Everyone wants to love Chuck Norris, and everyone wants to believe that he could kick Frank Shamrock’s tail (well, maybe not me because Frank taught me grappling).
The truth is that Chuck could have done some serious damage in his prime with more takedown defense and a grappling game in MMA fights. Especially right now, but why is a spin kick effective? This is because the spin kick is a weapon that most mixed martial arts practitioners have not trained to defend against.

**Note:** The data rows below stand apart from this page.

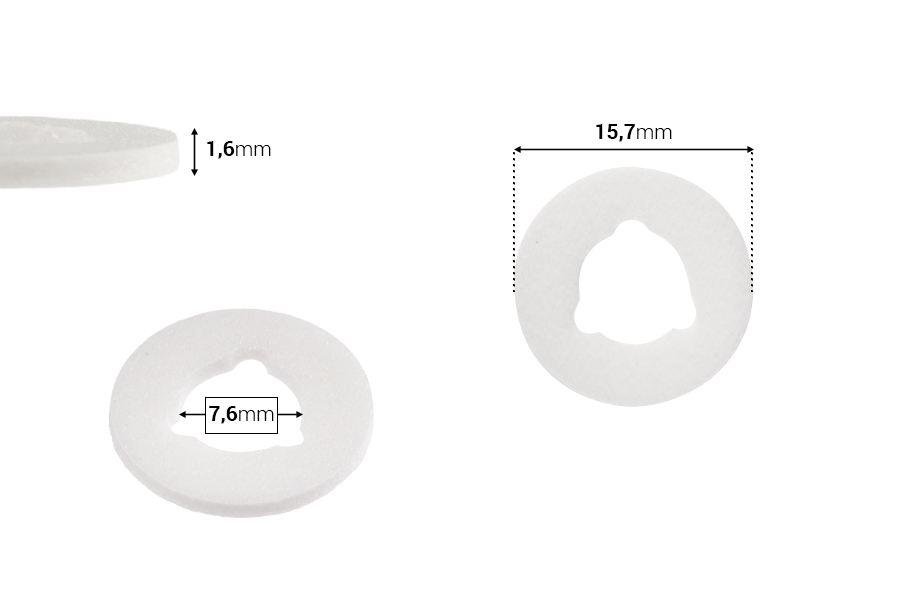 Penasta zaptivka debljine 1,6mm za sprej PP18 - 50 kom-dimenzije_slike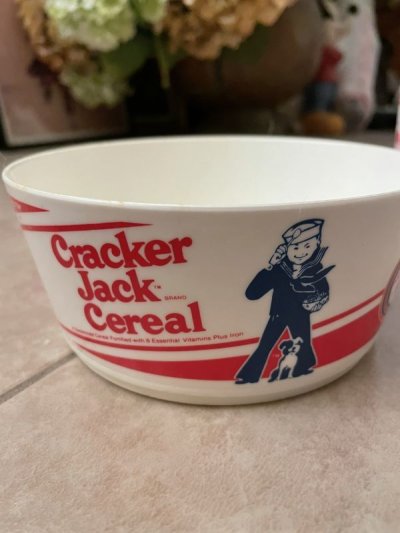 画像2: Cracker Jack plastic Mug & Bowl set   / クラッカージャック　プラスチック製　マグ、カップ＆ボウル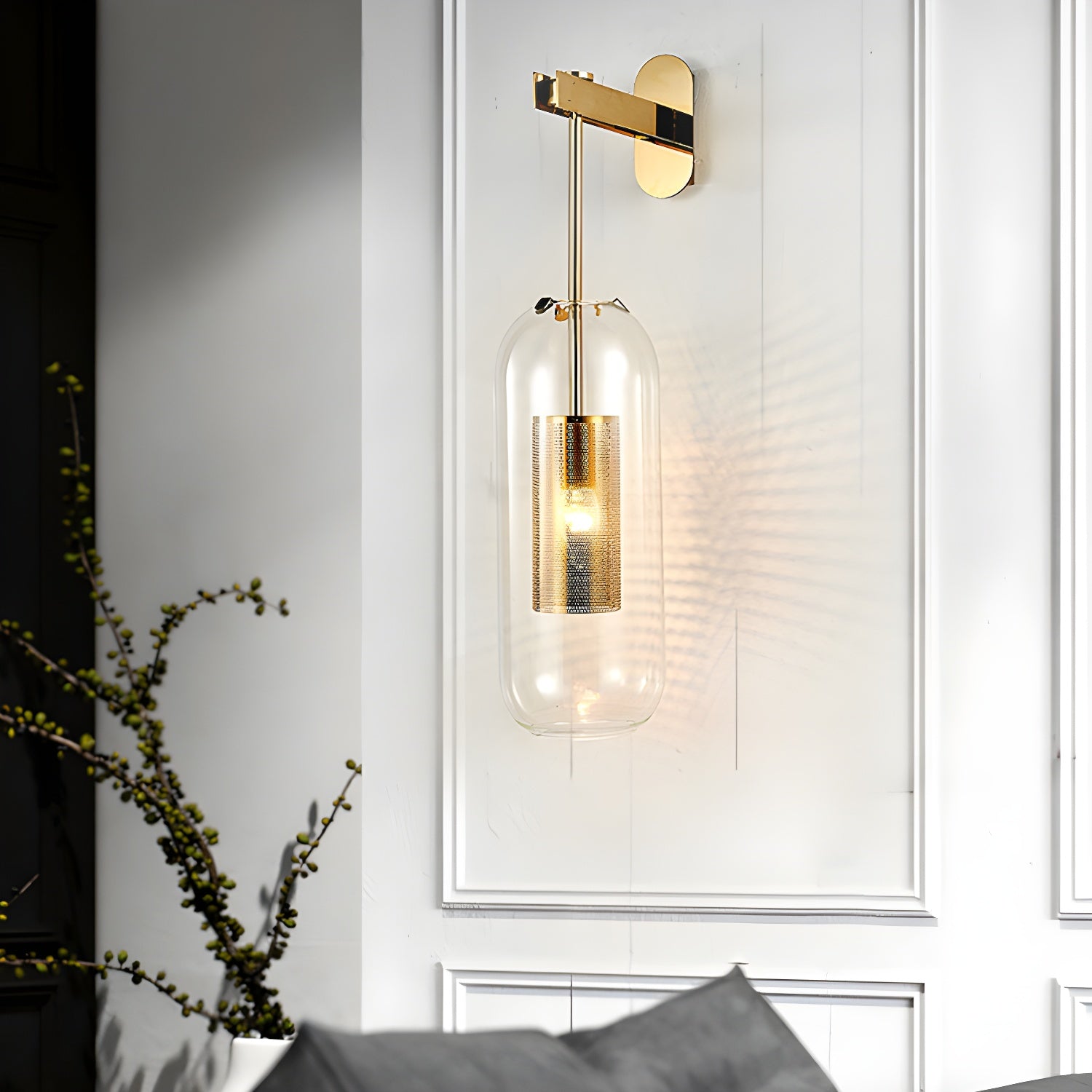 Evan Applique Murale en Verre Art Nordic Premium - Neutralighting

Jeet Kune Do, especially the Paul Vunak variety stresses line familiarization. It’s a concept from Filipino martial arts called angles of attack. It doesn’t matter if it’s an overhand or a looping crane’s beak. It’s still coming from the same angle, so theoretically the block or interception for that line is all the same. However, this is not how most mixed martial artists are taught to fight.
How most MMA fighters are trained to do is to use certain techniques for certain strikes. They aren’t taught lines of attack or defense against lines of attack. (In fact, thinking about this fact makes me realize that I need to cover this fact tonight in class against the rising angles the uppercut line and the knee line). This is why they currently don’t have a defense for the spin kick or are used to seeing a spin kick coming in to their body or face. It’s hard to defend when you don’t take in account what angle it is or if you don’t have specific techniques generated that allow you to defend that angle. This is why a spin kick is working in MMA, there are very few coaches teaching it (let alone teaching how to do it effectively), and there are few teachers explaining how to defend or intercept it.
So what’s the answer here? You train for this strike or angle. You realize what angle it is coming from and you learn to find the cues that allow it to happen. This happened all the time when “traditional martial arts” were the rage. In fact, I’d venture to say that traditional martial arts may have techniques that are cutting edge at the moment, because the training methods have been lost for self defense. They have been abandoned and therefore you have techniques that are now effective and will damage experienced fighters when used in the right moment.
Techniques are like keys. Carrying around a bunch of keys can be stupid and heavy; however, if you aren’t carrying that key at the right moment, then you won’t be able to unlock that door when you get to it. The spin kick is a tool that should be trained and taught for self defense and sport. It is an art in of itself and should be in everyone’s arsenal, because there are still a lot of Karate and Tae Kwon Do practitioners out there. I’d venture to say that a lot of the “modern” styles could stand to go back and get some techniques out of them. Anyone who doesn’t think that some of those techniques don’t work just need to ask Randy Couture or Vitor Belfort about Crane Kicks, this is because Randy lost a tooth to one.
In closing, the spin kick can be a deadly tool in the right fighter’s hands. All it takes is the know how to throw it at the right time. What is even better is setting up the shot throughout the fight. This is the best case scenario that can work every time. Go out and train your spin kicks and learn your defenses against them.